2.5 Het overleg met de vakorganisaties heeft niet geleid tot een akkoord over een sociaal plan. Tijdens de UWV procedure heeft de werkgever bij brief d.d. 24 januari 2013 aan de met ontslag bedreigde medewerkers een individueel financieel voorstel gedaan, inhoudende een ontslagvergoeding en een vergoeding voor outplacement en opleiding, mits vóór 1 februari 2013 zou worden ingestemd met een beëindiging van de arbeidsovereenkomst. De tekst van de brief aan de medewerkers is vooraf afgestemd met vertegenwoordigers van de vakorganisaties. Het voorstel is, in aanwezigheid van de vakorganisaties, in een personeelsbijeenkomst op 25 januari 2013 gepresenteerd en nader toegelicht. Twaalf medewerkers hebben met het voorstel ingestemd. Acht medewerkers zijn herplaatst.

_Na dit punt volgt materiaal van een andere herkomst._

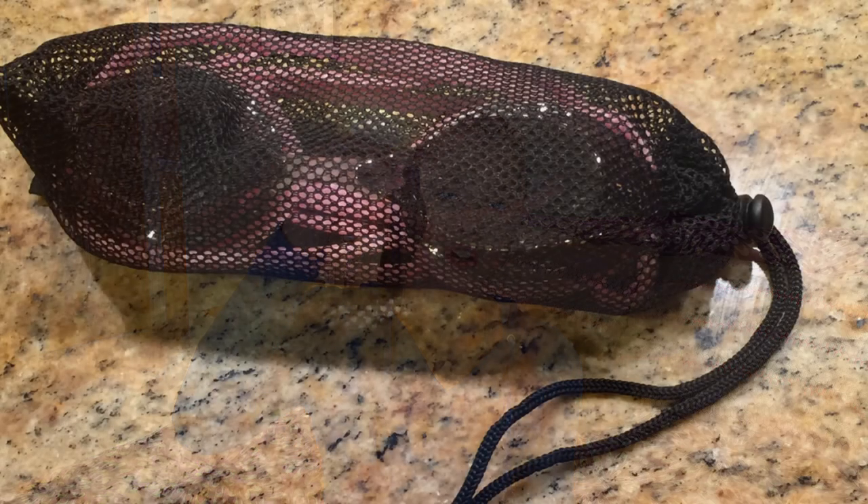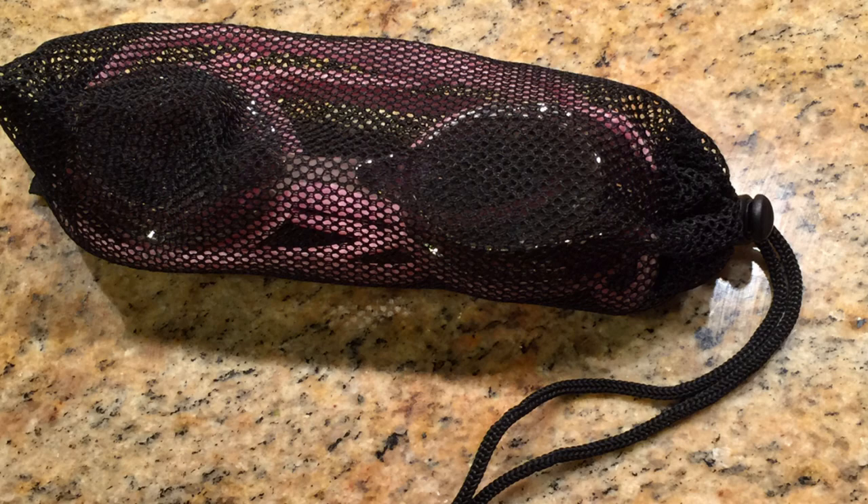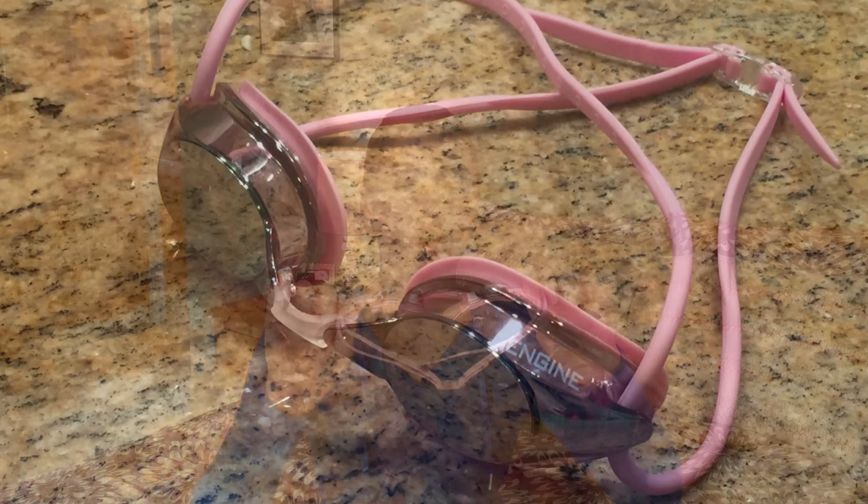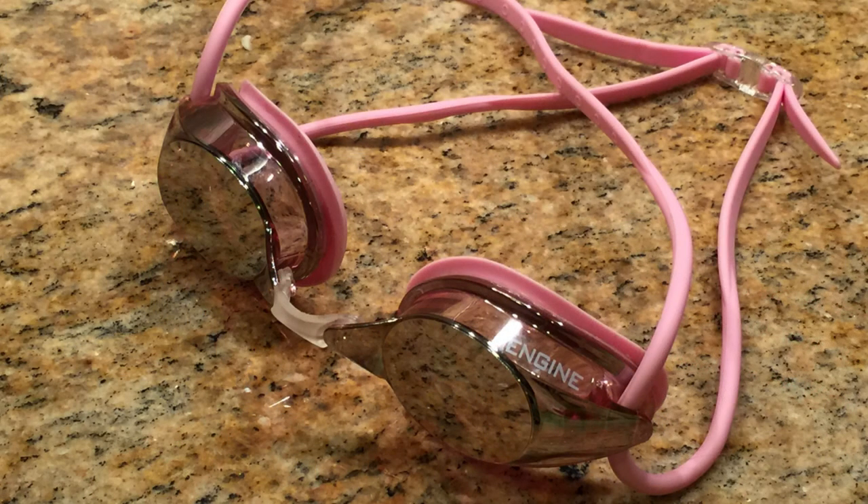So here in the box they have some extra nose pieces, an extra strap for the goggles — which I thought was pretty cool in case they rip — and a bag that you can put your goggles in to keep them protected. Here's what the goggles look like out of the box.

2.7 Na een uitvoerige schriftelijke procedure heeft het UWV bij beslissing d.d. 28 februari 2013 de gevraagde toestemming voor de (resterende) 27 medewerkers – waaronder de werknemers – geweigerd.
2.8 De werkgever heeft ontbindingsverzoeken ex artikel 7: 685 BW ingediend strekkende tot ontbinding van de arbeidsovereenkomst met de werknemers, welke verzoeken gelijktijdig zijn behandeld met de mondelinge behandeling in de onderhavige procedure.